Treasury sanctions cryptocurrency exchange for facilitating ransomware payments

The Treasury Department on Tuesday announced a set of actions designed to crack down on ransomware attack payments following a major uptick in cases in recent months against U.S. companies.

As part of the actions, the Treasury Department’s Office of Foreign Assets Control (OFAC) issued its first sanctions against a virtual currency exchange, targeting SUEX OTC for allegedly facilitating ransomware payments.

In addition, OFAC issued an advisory warning that it could issue further sanctions against other cryptocurrency exchanges, cyber insurance companies, and financial institutions facilitating ransomware payments, particularly if the payments are made to previously sanctioned individuals or groups.

The advisory reiterated the federal government’s stance that victims should not pay ransoms, and that facilitating a payment “may enable criminals and adversaries with a sanctions nexus to profit and advance their illicit aims.”

“Ransomware and cyber-attacks are victimizing businesses large and small across America and are a direct threat to our economy,” Treasury Secretary Janet Yellen said in a statement Tuesday. “We will continue to crack down on malicious actors.”

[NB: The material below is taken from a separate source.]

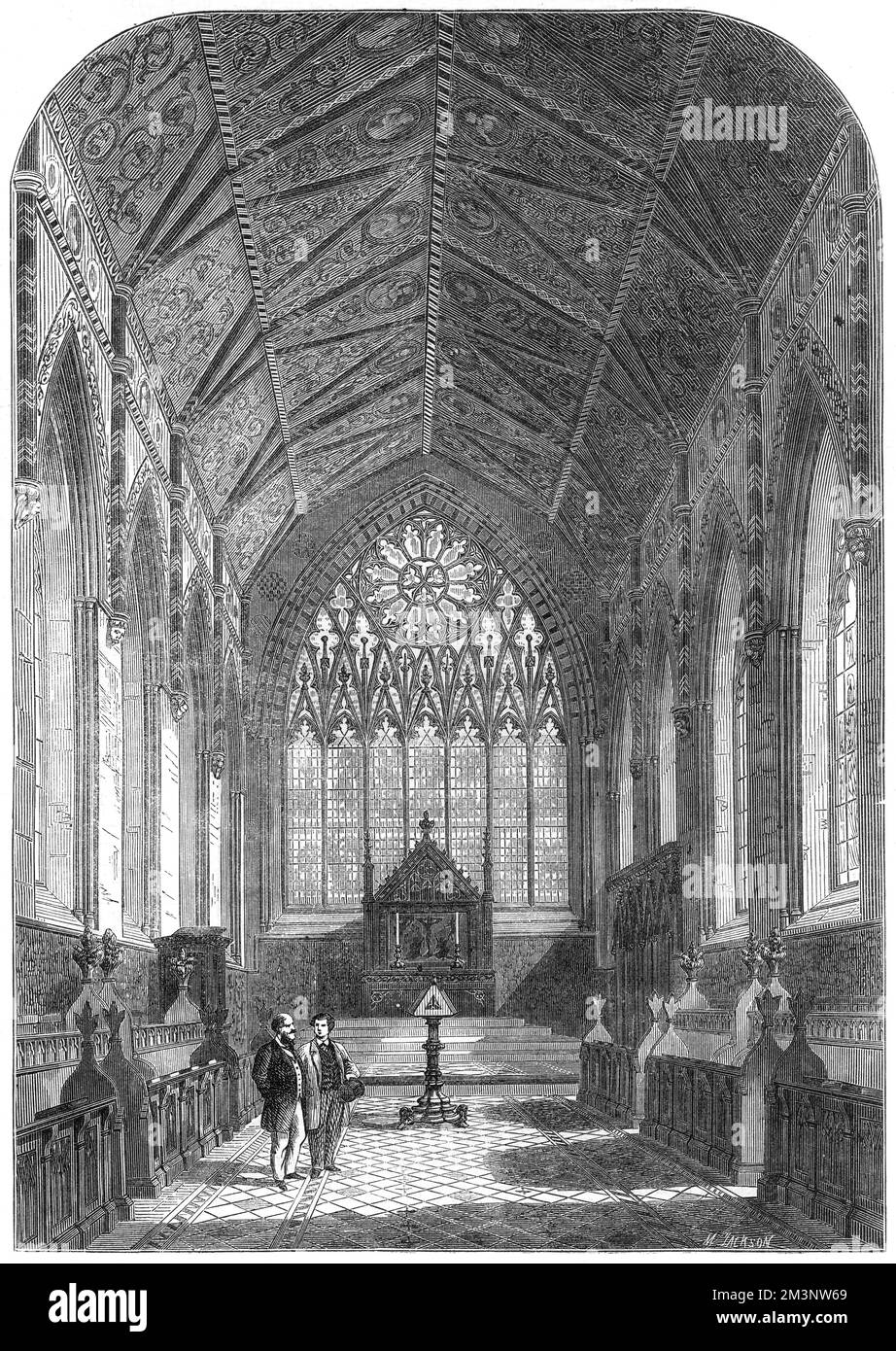 Die Kapelle am Merton College, Oxford, 1864. Dieses Bild erschien als Teil eines Films in den illustrierten London News anlässlich des sechshundertsten Jahrestages der Gründung des Colleges durch Walter de Merton im Jahr 1264. Datum: 1864 Stockfoto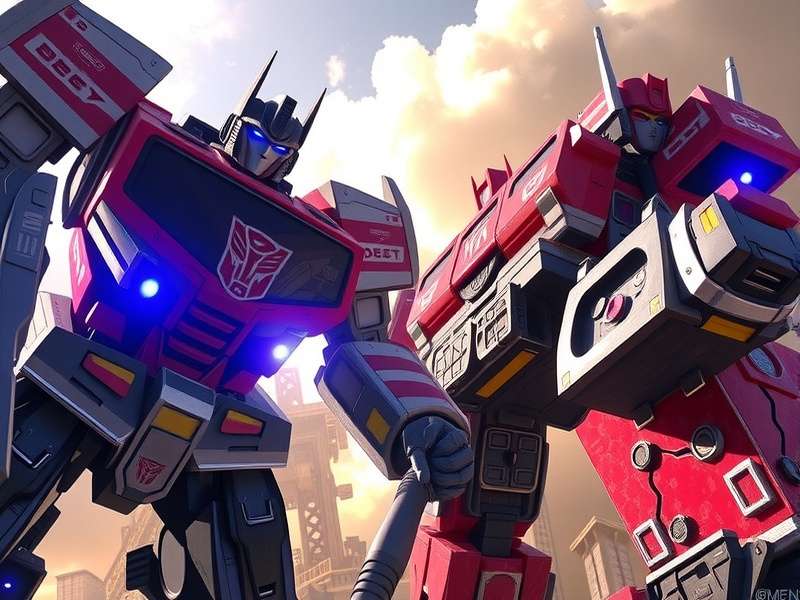 Transformers Autobots and Decepticons in epic battle scene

“As cyber criminals use increasingly sophisticated methods and technology, we are committed to using the full range of measures, to include sanctions and regulatory tools, to disrupt, deter, and prevent ransomware attacks,” Yellen said.

Cryptocurrency exchanges are often used by cybercriminals to facilitate the transfer of funds due to the difficulty in tracking the payments.

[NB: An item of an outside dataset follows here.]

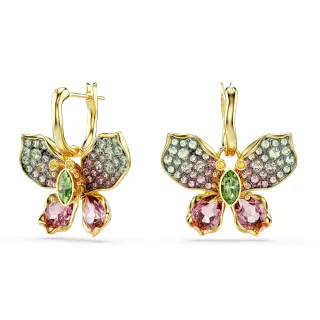 【SWAROVSKI 施華洛世奇】Idyllia 水滴形耳環 混合式切割 密鑲 蝴蝶 漸層色 鍍金色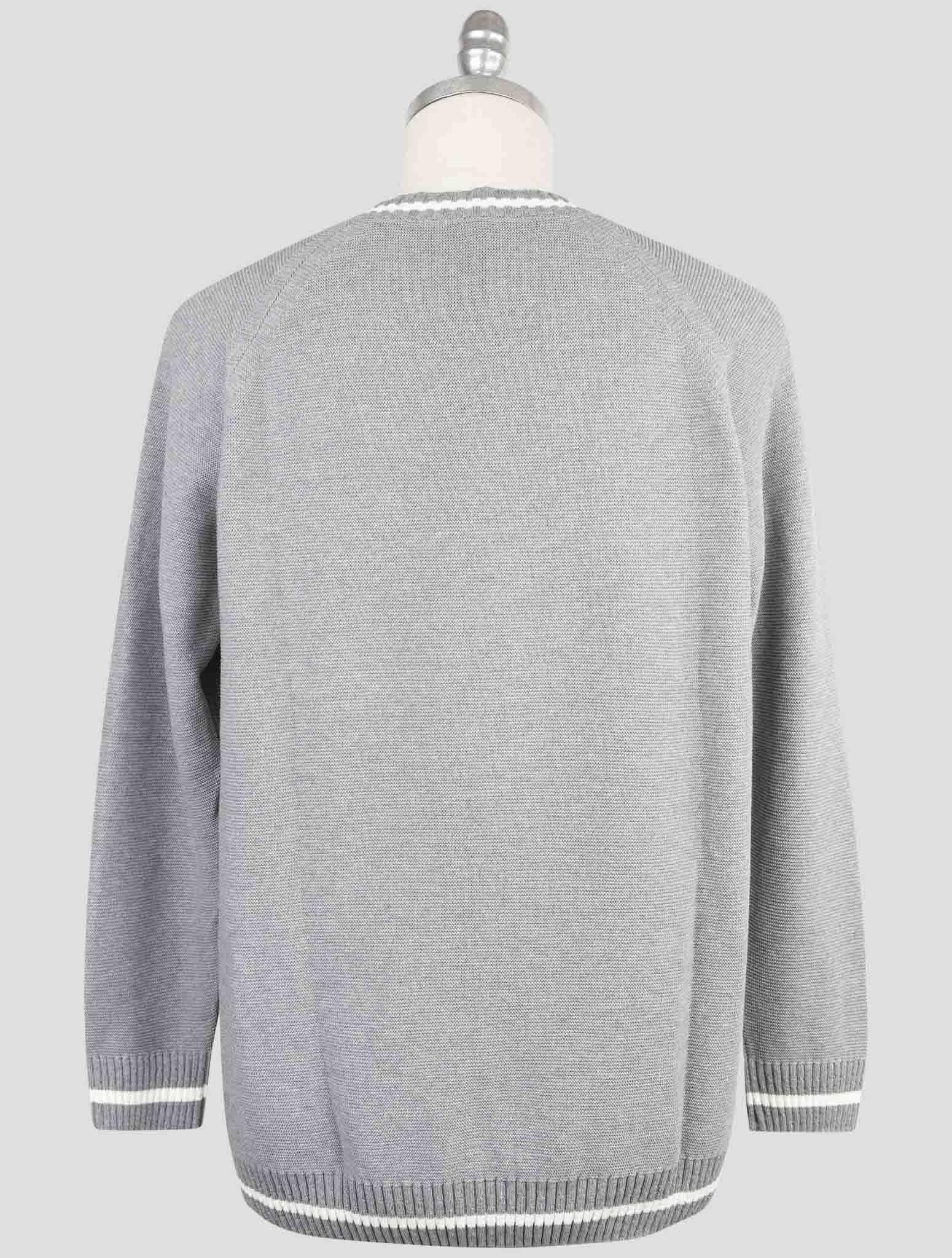 Kiton Gray Cotton Sweater Crewneck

The Wall Street Journal first reported that the Biden administration would take action against cryptocurrency ransomware payments through the use of sanctions last week.

The Treasury Department previously issued two advisories last year warning against paying ransomware demands, and that companies facilitating payments could face federal repercussions. 

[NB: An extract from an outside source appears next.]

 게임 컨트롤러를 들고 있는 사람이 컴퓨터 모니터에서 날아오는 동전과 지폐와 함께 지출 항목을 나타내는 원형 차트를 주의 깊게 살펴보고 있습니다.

The Treasury Department’s actions come after a year of escalating cyberattacks against thousands of U.S. government and private institutions, with ransomware attacks becoming a particular concern. 

Separate ransomware attacks in May by Russia-based cybercriminal groups temporarily disrupted operations of Colonial Pipeline, which provides 45 percent of the East Coast’s fuel, and of JBS USA, one of the nation’s largest meat producers.

Both Colonial Pipeline and JBS USA chose to pay the ransoms demanded, though the Justice Department was later able to recover the majority of the roughly $4.4 million in bitcoin paid to the hackers by Colonial.

Hospitals and schools have also become targets of attack, and the dangers were underlined Monday when New Cooperative, a major agricultural group, suffered a ransomware attack that posed a danger to the food supply chain.